A good night’s sleep is just as important as regular exercise and a healthy diet. Research shows that poor sleep has immediate negative effects on your hormones, exercise performance, and brain function. It can also cause weight gain and increase disease risk in both adults and children. In contrast, good sleep (sleep better at night ) can help you eat less, exercise better, and be healthier. Over the past few decades, both sleep quality and quantity has declined. In fact, many people regularly get poor sleep.
If you want to optimize your health or lose weight, getting a good night’s sleep is one of the most important things you can do.
1. Stick to a sleep schedule.
Set aside no more than eight hours for sleep. The recommended amount of sleep for a healthy adult is at least seven hours. Most people don’t need more than eight hours in bed to achieve this goal.
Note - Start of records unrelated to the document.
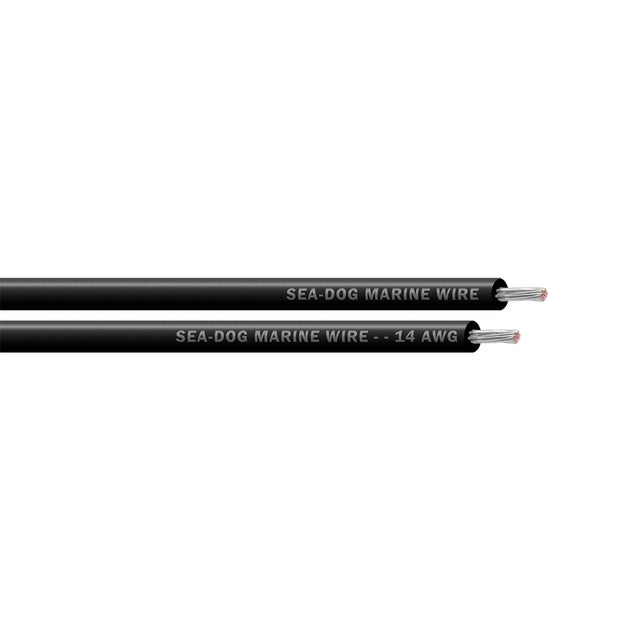 SeaDog 14 AWG Black Primary Wire  500 8014017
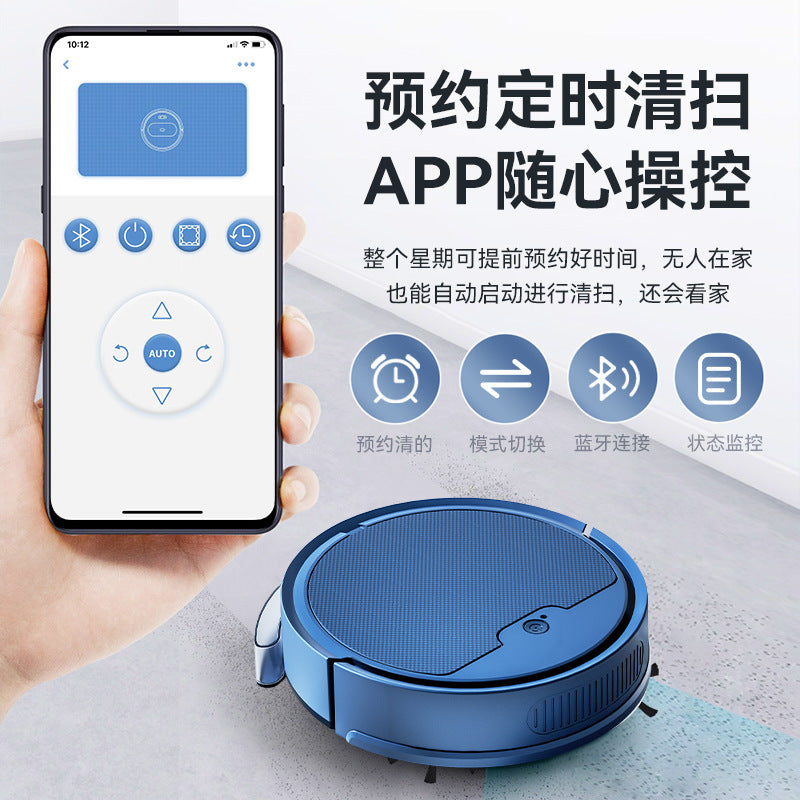 Household cleaning sweeper intelligent sweeping robot automatic water tank sweeping and dragging robot vacuum cleaner app
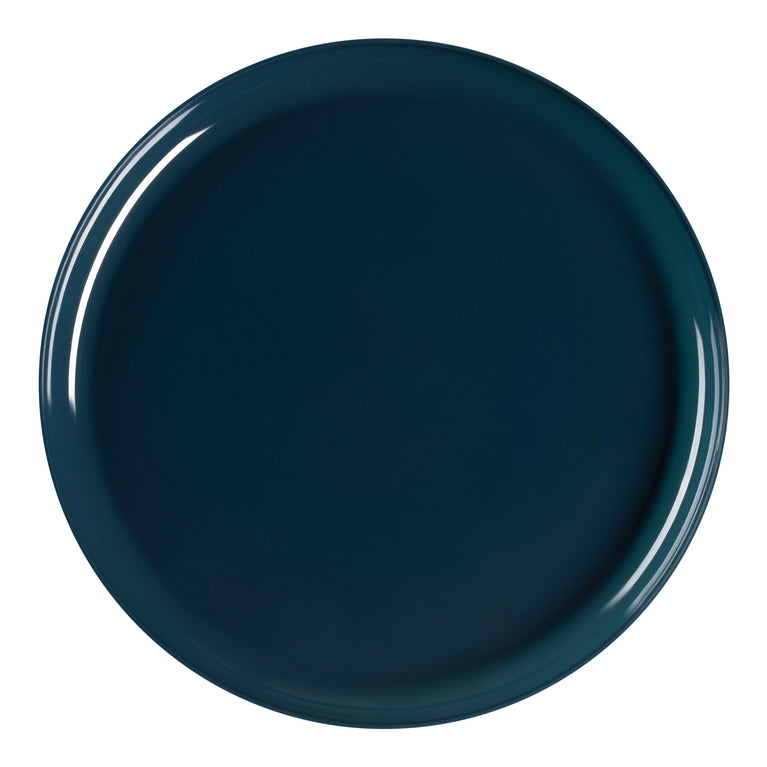 Flat Round Disposable Plastic Pastry Plates (Available in Multiple Colors)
Go to bed and get up at the same time every day. Try to limit the difference in your sleep schedule on weeknights and weekends to no more than one hour. Being consistent reinforces your body’s sleep-wake cycle.
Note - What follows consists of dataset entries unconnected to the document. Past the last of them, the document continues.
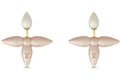 Louis Vuitton Louisette Earrings Light Pink/White
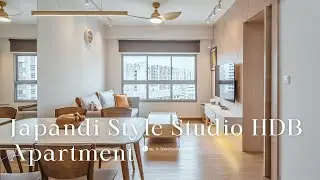 Japandi Style Studio HDB Apartment at Punggol East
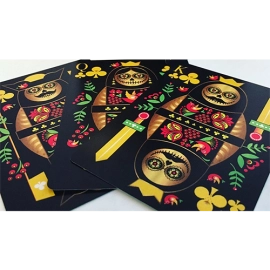 Mazzo di Carte Calaveras de Azúcar Black Edition Playing Cards Printed by USPCC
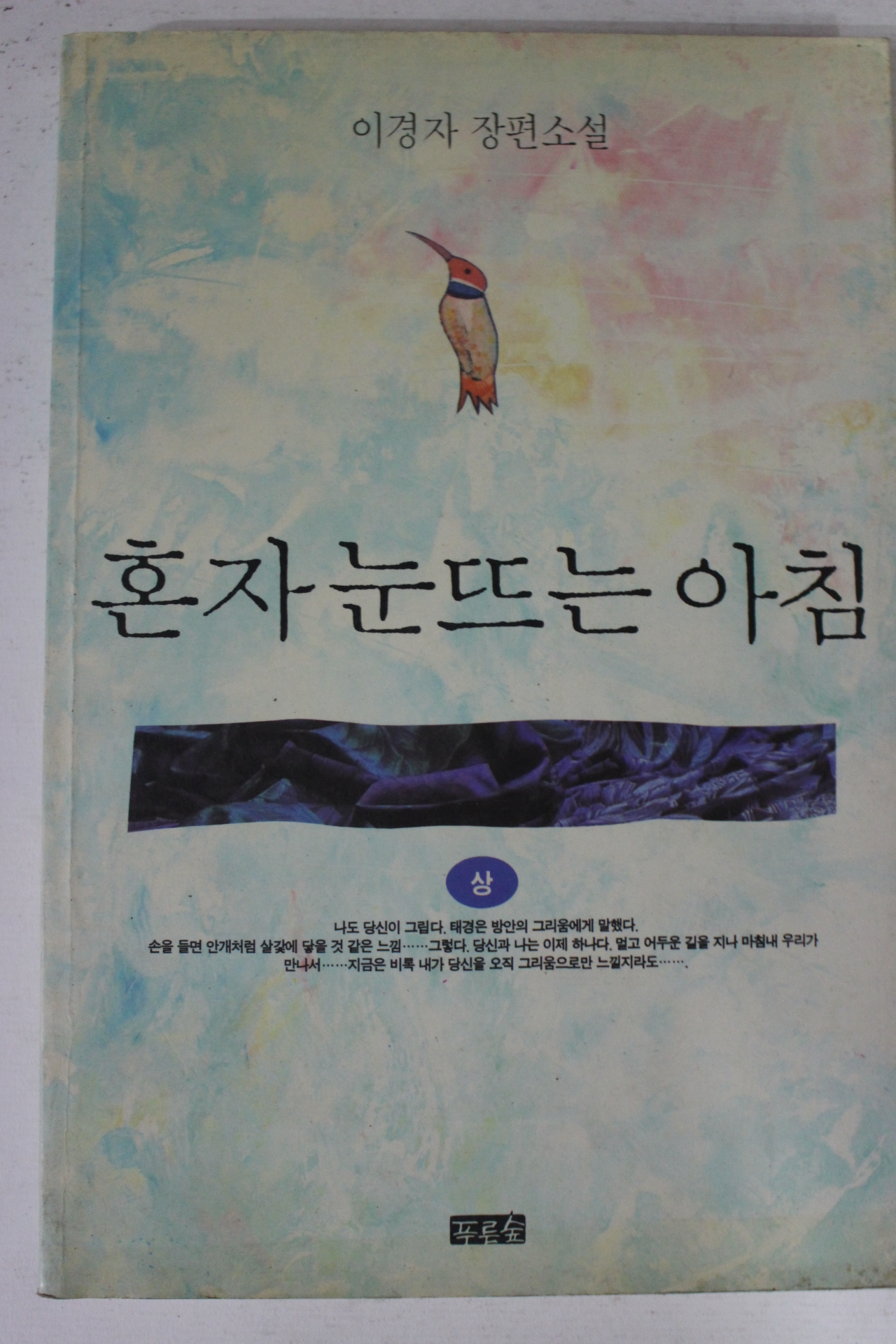 1993년 이경자 장편소설 혼자 눈뜨는 아침 상권
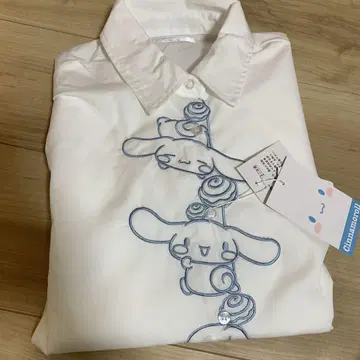 시나모롤 자수 긴팔 셔츠 산리오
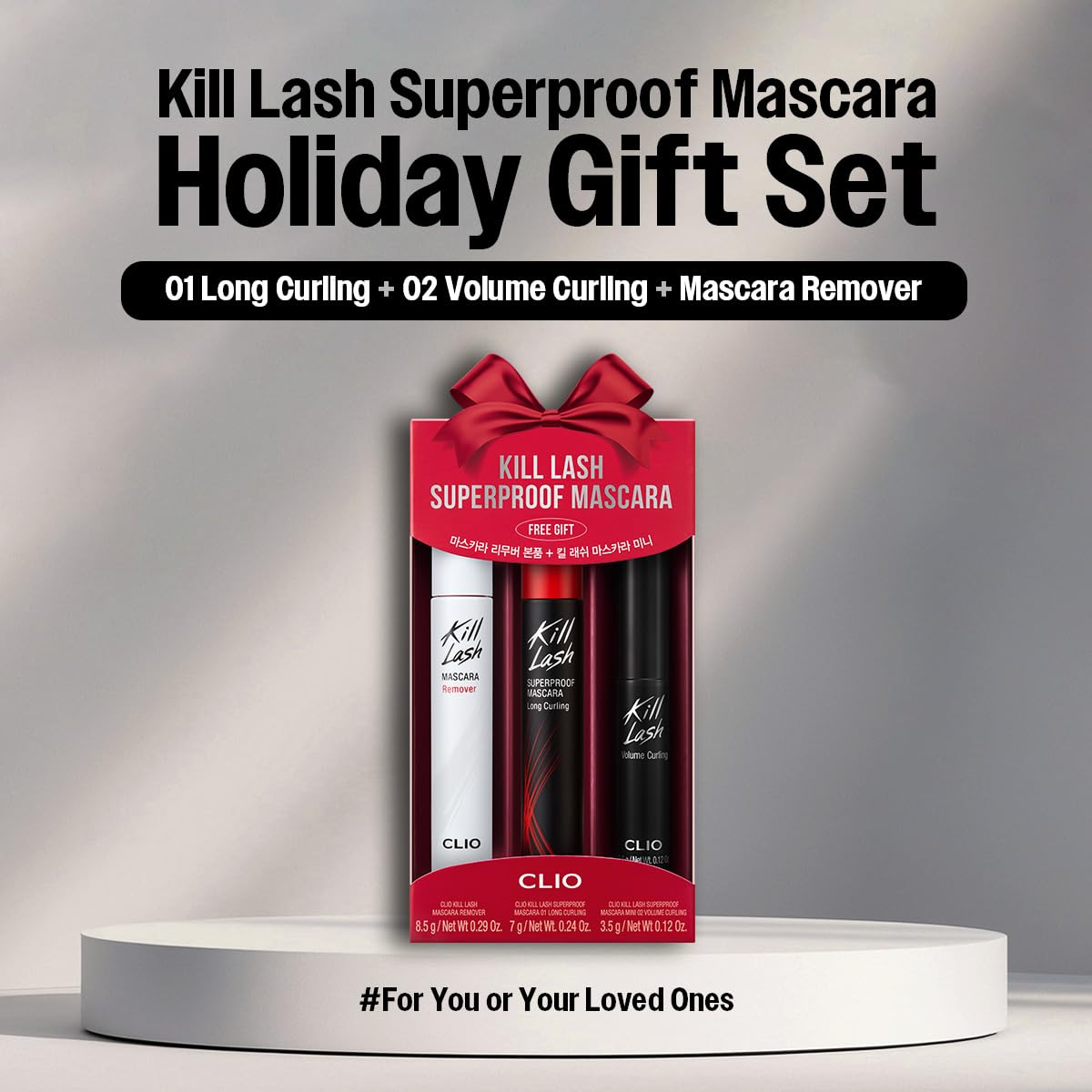 CLIO 001 Long Curling Mascara close-up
If you don’t fall asleep within about 20 minutes, leave your bedroom and do something relaxing. Read or listen to soothing music. Go back to bed when you’re tired. Repeat as needed.
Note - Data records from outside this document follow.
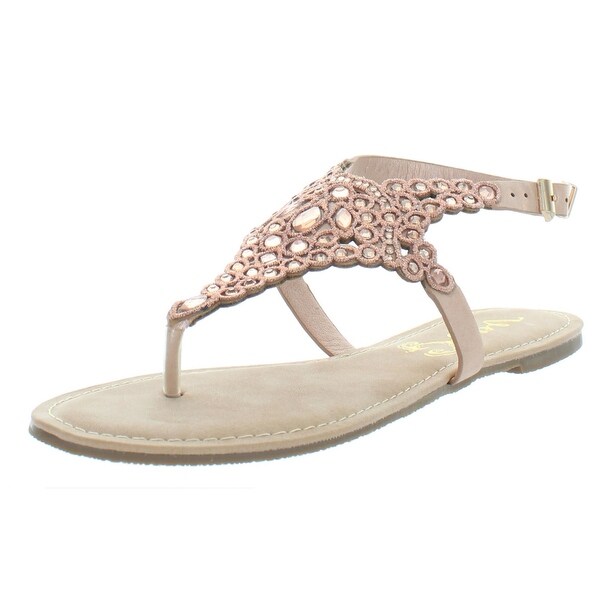 very rose gold sandals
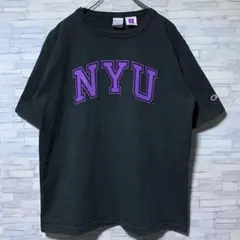 専用 Champion NYU T1011 カレッジTシャツ USA製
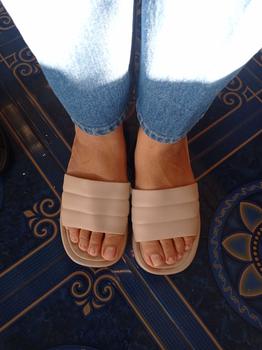 Product Review of PVC Sandal Slop Wanita Jelly Import Korean Bahan Karet Rubber Elastis Tebal Tinggi Sol Anti Slip Sendal Kokop Balance 2802 from D**S D**a 0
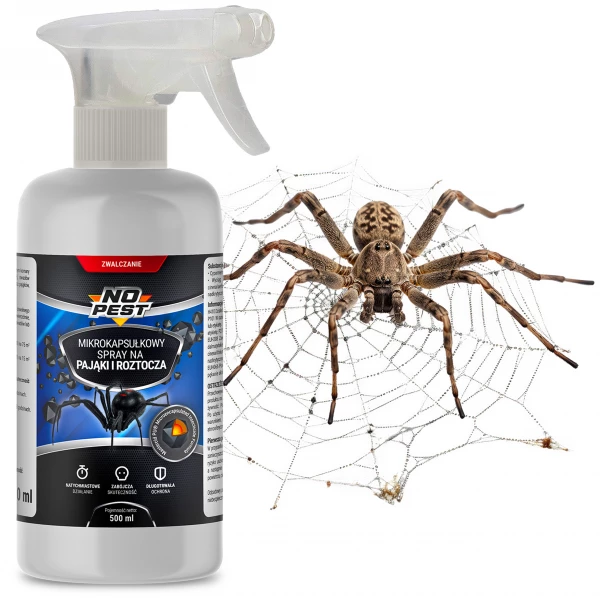 Środek na pająki i roztocza w domu No Pest® Spray z mikrokapsułkami  500ml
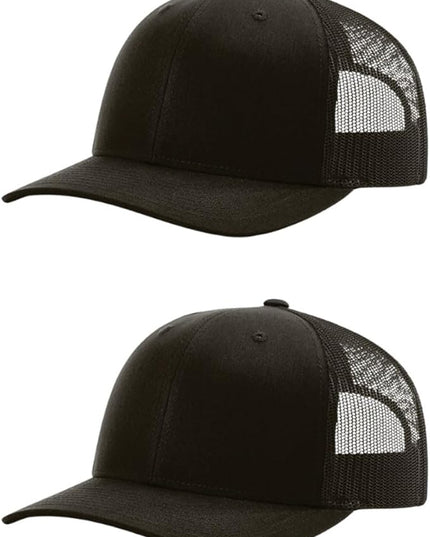 Richardson 112 Classic Six-Panel Adjustable Snapback Trucker Cap | Bulk Packs Available
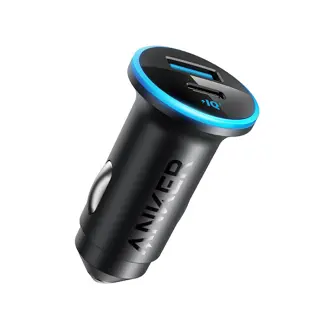 Auto punjač Anker 323, USB-A, USB-C, 30W, crni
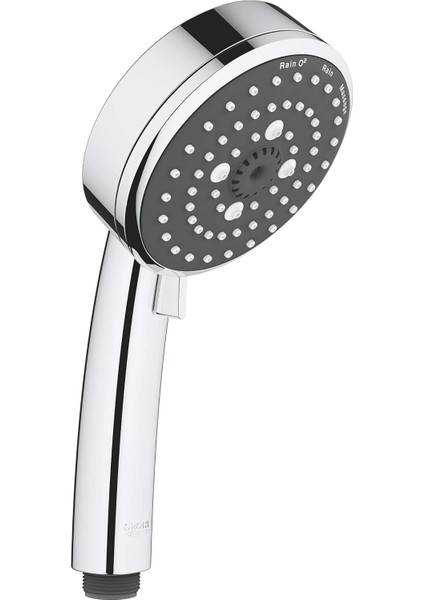 Vitalio Comfort 100 Quickfix El Duşu | 3 Akışlı | Su Tasarruflu | Kireç Önleyici Sistem | Duş Başlığı | Krom | 26092000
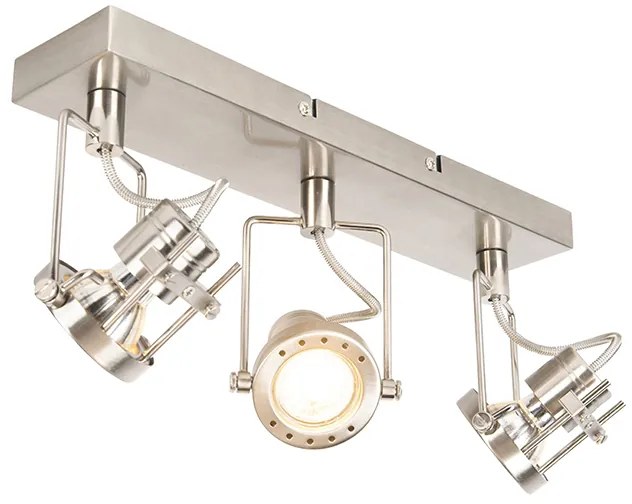 Индустриален прожектор стомана 3 светлини въртящ се и накланящ се - Suplux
2. Pay attention to what you eat and drink.
Don’t go to bed hungry or stuffed. In particular, avoid heavy or large meals within a couple of hours of bedtime. Your discomfort might keep you up.
Nicotine, caffeine and alcohol deserve caution, too. The stimulating effects of nicotine and caffeine take hours to wear off and can wreak havoc on quality sleep. And even though alcohol might make you feel sleepy, it can disrupt sleep later in the night.
3. Create a restful environment.
Create a room that’s ideal for sleeping. Often, this means cool, dark and quiet. Exposure to light might make it more challenging to fall asleep. Avoid prolonged use of light-emitting screens just before bedtime. Consider using room-darkening shades, earplugs, a fan or other devices to create an environment that suits your needs.
Doing calming activities before bedtime, such as taking a bath or using relaxation techniques, might promote better sleep.
4. Limit daytime naps.
Long daytime naps can interfere with nighttime sleep. If you choose to nap, limit yourself to up to 30 minutes and avoid doing so late in the day.
If you work nights, however, you might need to nap late in the day before work to help make up your sleep debt.
5. Include physical activity in your daily routine.
Regular physical activity can promote better sleep. Avoid being active too close to bedtime, however.
Spending time outside every day might be helpful, too.